Namun, pengaruh Prabowo tidak berhenti di dalam negeri. Di kancah global, ia tampil sebagai suara moral bagi dunia Islam. Ketegasannya dalam menyuarakan kemerdekaan Palestina, misalnya, menegaskan keberpihakannya terhadap kemanusiaan. Dalam berbagai forum internasional, Prabowo tak ragu mengingatkan dunia tentang pentingnya keadilan bagi bangsa yang tertindas. Ia tidak hanya berbicara sebagai kepala negara, tetapi juga sebagai seorang Muslim yang merasakan panggilan moral untuk membela sesama umat manusia.
Kedekatan Prabowo dengan berbagai tokoh Islam juga memperkuat citranya sebagai pemimpin yang mampu merangkul semua pihak. Ia bersahabat dengan tokoh-tokoh seperti KH. Nasaruddin Umar, Haikal Hasan, dan Mochamad Irfan Yusuf. Melalui mereka, Prabowo membangun komunikasi yang produktif antara pemerintah dan komunitas keagamaan. Ia memahami bahwa umat Islam di Indonesia beragam dalam pandangan dan praktik, dan keberagaman itu justru harus menjadi kekuatan, bukan sumber perpecahan.
Di sisi lain, Prabowo memperlihatkan sosok pemimpin yang memadukan ketegasan dan kelembutan. Ia bisa berpidato dengan gagah di hadapan forum internasional, namun juga bisa menundukkan kepala dengan penuh khidmat saat bersalaman dengan para ulama.
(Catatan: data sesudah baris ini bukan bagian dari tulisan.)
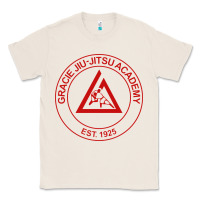 Natural gracie jiu jitsu academy Classic Tee - linhVisuals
Karakter seperti inilah yang membuatnya dihormati — bukan hanya sebagai Presiden Indonesia, tetapi juga sebagai seorang Muslim yang menjunjung tinggi adab dan nilai-nilai kemanusiaan.
Masuknya Prabowo dalam daftar Muslim paling berpengaruh di dunia memberi pesan penting bagi umat Islam Indonesia: bahwa Islam yang kuat bukanlah Islam yang menakutkan, tetapi Islam yang membawa manfaat. Prabowo mencontohkan bahwa seorang pemimpin dapat berpegang pada ajaran Islam tanpa harus menutup diri dari dunia modern. Ia menghadirkan Islam sebagai sumber inspirasi untuk membangun, bukan untuk memecah.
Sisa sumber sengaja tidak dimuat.